The traffic flow’s properties are first converted into a format that could be processed in the following stages. The attributes pertinent to the attack are then identified in the subsequent step using a novel hybrid approach. This method uses a mixture of IG, ANOVA, and Relief criteria for feature weighting, followed by the final ranking of features conducted by a fuzzy model to ultimately determine the appropriate number of features for selection using the BEFS strategy. After selecting the attack-related features, in the third step, a CNN model is used for attack detection in each subnetwork. This learning model is deployed in the memory of the monitor node and performs local detection.

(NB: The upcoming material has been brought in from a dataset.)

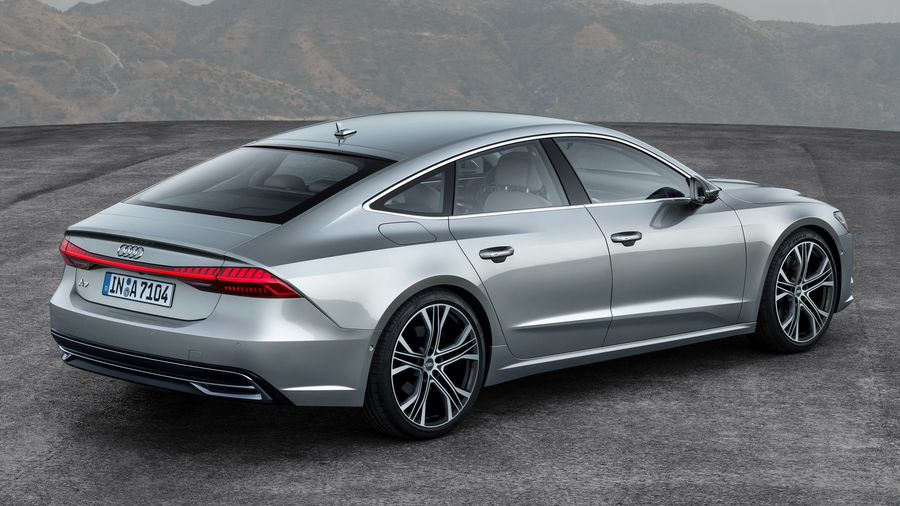 Audi A7 Sportback 2018 đầu tiên về Việt Nam đã ra biển trắng, giá hơn 3,9 tỷ đồng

At the end of the intrusion detection process, the monitoring nodes participating in the traffic stream share their local decision results with each other in order to determine the existence of a security threat in the traffic stream using a weighted voting strategy.

Pre-processing

The set of features that describe the connection between devices is preprocessed as the first stage in the suggested intrusion identification procedure. All categorical characteristics are initially transformed into numerical values during the preprocessing stage. During this procedure, all False/No values are changed to 0 s and all True/Yes values to 1 s. The dataset is then cleared of any records that have missing values. Every input numeric characteristic is normalized at the conclusion of the preprocessing stage. For this purpose, each numeric feature vector is mapped to the range of 0 to 1 using the following equation:

$${X}_{n}=\frac{x-{x}_{min}}{{x}_{max}-{x}_{min}}$$
(7)

In the above equation, \(x\) represents the feature vector before normalization and \({X}_{n}\) represents the values of this vector after normalization. Also, \({x}_{min}\) and \({x}_{max}\) describe the minimum and maximum numerical values in the feature vector x, respectively. The preprocessed feature set is used as the input of the proposed feature selection algorithm.

Feature selection

In the second phase of the proposed method, irrelevant indicators that may cause errors in the prediction process are removed. In addition to increasing the accuracy of the prediction model, this process also improves processing speed. The proposed method for selecting relevant features aims to combine the capabilities of three ranking strategies: Relief, ANOVA, and IG to develop a more efficient feature selection mechanism. To this end, the normalized features are first weighted using the three mentioned strategies, and then a fuzzy model is utilized to combine the feature rankings and determine the importance of each. After establishing the final rankings of the features, the BEFS algorithm is employed to select the optimal number of features.

a. Feature ranking

At the beginning of the feature selection step, the set of characteristics from the database is ranked simultaneously by three different algorithms. The first ranking strategy used is Relief. The Relief algorithm is a filter-based algorithm that identifies important features based on the information available in the training data and ranks them according to their significance. In the Relief method, the distance of each sample from other samples is calculated, and then the weight of each feature is determined based on the distances between the samples. In this case, features that have a smaller distance to other samples receive a higher weight, and based on this weight, the importance of each feature is determined. The Relief algorithm is an iterative strategy in which all features are examined and the importance of the features is identified. The computational details of this algorithm are given in30.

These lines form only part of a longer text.